Swiss cheese is so purty when it melts.

Mushroom and Swiss Lasagna (serves 8 )
8 lasagna noodles, boiled
1 lb lean ground turkey, browned
3 T Worcestershire sauce
3 cups crushed tomato
1 cup onion, chopped
2 cups mushroom slices
1/2 T olive oil
salt & pepper
2 cups low-fat cottage cheese
1 egg
1 tsp garlic powder
1 T Italian seasoning
8 slices Swiss cheese
Boil the lasagna noodles in salted water, drain, and set aside. In a skillet, heat olive oil until it glistens and then sauté the onions and mushrooms. Once the onions are tender, set vegetables aside. In the same skillet, brown the ground turkey with the Worcestershire sauce. When the meat is browned through, add a pinch of salt and pepper, the vegetables, and the crushed tomatoes. Stir well and turn off heat. In a small mixing bowl, combine cottage cheese, egg, Italian seasoning, and garlic powder, stirring thoroughly. Using a deep lasagna dish, layer the following: 4 noodles, half of the meat and vegetable sauce, half of the cottage cheese mixture, and 4 slices of swiss cheese (torn into pieces). Repeat the second layer in the same order. Bake covered for 20 minutes on 375*, uncovering for the last 5 minutes. Let sit a few minutes before slicing and serving.

my ultimate comfort food

Today is my dad’s birthday. He would have been 48 today. Since his death 2 years ago, February 10th has been a weird day for me. I literally cry every day, but today is a bit worse for obvious reasons. This year I decided to not purposely take the day off from life and I decided to keep going about business as usual… Classes, babysitting, homework, and making models of sea monsters with crescent rolls.

Instead, the copious tears and time alone happened last night (as did the sea monster, actually).

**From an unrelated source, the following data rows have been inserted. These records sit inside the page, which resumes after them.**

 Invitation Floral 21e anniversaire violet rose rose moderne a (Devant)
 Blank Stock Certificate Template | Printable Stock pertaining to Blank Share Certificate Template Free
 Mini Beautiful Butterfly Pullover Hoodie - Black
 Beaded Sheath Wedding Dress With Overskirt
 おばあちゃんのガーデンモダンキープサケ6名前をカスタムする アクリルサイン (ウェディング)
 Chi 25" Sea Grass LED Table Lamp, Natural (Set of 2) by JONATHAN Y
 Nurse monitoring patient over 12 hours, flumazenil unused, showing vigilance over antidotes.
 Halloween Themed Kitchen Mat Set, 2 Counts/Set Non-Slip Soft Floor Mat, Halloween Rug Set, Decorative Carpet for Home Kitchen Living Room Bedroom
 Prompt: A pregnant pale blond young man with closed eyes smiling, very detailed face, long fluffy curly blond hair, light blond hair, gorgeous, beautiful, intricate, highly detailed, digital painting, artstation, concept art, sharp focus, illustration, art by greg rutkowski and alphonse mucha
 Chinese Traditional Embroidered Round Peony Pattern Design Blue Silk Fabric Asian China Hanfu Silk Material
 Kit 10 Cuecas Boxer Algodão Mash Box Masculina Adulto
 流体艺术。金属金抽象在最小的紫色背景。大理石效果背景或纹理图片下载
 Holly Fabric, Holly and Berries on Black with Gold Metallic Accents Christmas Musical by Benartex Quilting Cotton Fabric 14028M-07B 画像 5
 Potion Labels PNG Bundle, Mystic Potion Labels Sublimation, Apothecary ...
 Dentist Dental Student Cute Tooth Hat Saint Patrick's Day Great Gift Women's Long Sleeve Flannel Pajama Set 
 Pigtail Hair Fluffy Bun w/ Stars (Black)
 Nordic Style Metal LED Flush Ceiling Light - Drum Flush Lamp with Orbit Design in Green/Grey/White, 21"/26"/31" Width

I was in need of serious comfort food. And then it hit me: I needed to make one of my dad’s favorite foods, which also happens to be one of my favorite foods. This was one of the dishes I remember him absolutely loving and I have very fond memories of him hiding the leftovers in the fridge so that he could eat them for breakfast lunch the next day.

So last night I whipped out a Chicken Broccoli Braid, a recipe so engrained in my memory that I don’t even have directions written down. I just know it. When I took the first bite, I felt myself sitting back at the kitchen table with my mom, dad, and brother and eating this same dish. I cried the whole time I ate it, but that is okay.

This is true comfort food for me.

Chicken Broccoli Braid (serves 4)
1 cup cooked chicken, shredded
1 cup broccoli, chopped
1 medium green pepper, chopped
1 clove garlic, pressed or minced
1/3 cup mayonnaise
heaping 1/2 cup shredded cheddar
1 tube crescent rolls (containing dough for 8 rolls)
salt & pepper to taste
In a mixing bowl, combine chicken, broccoli, green pepper, garlic, mayonnaise, cheese, and salt and pepper to taste. Mix thoroughly. On a cookie sheet, arrange crescent roll dough so that the long tips of the triangles are pointing away from the center and the thicker parts are overlapping. Place the filling in the center of the dough arrangement and begin to wrap the rolls around the filling (using any kind of design or arrangement as you wish). Sprinkle a pinch of salt on top if desired and bake at 375* for 20-25 minutes. Slice and serve hot!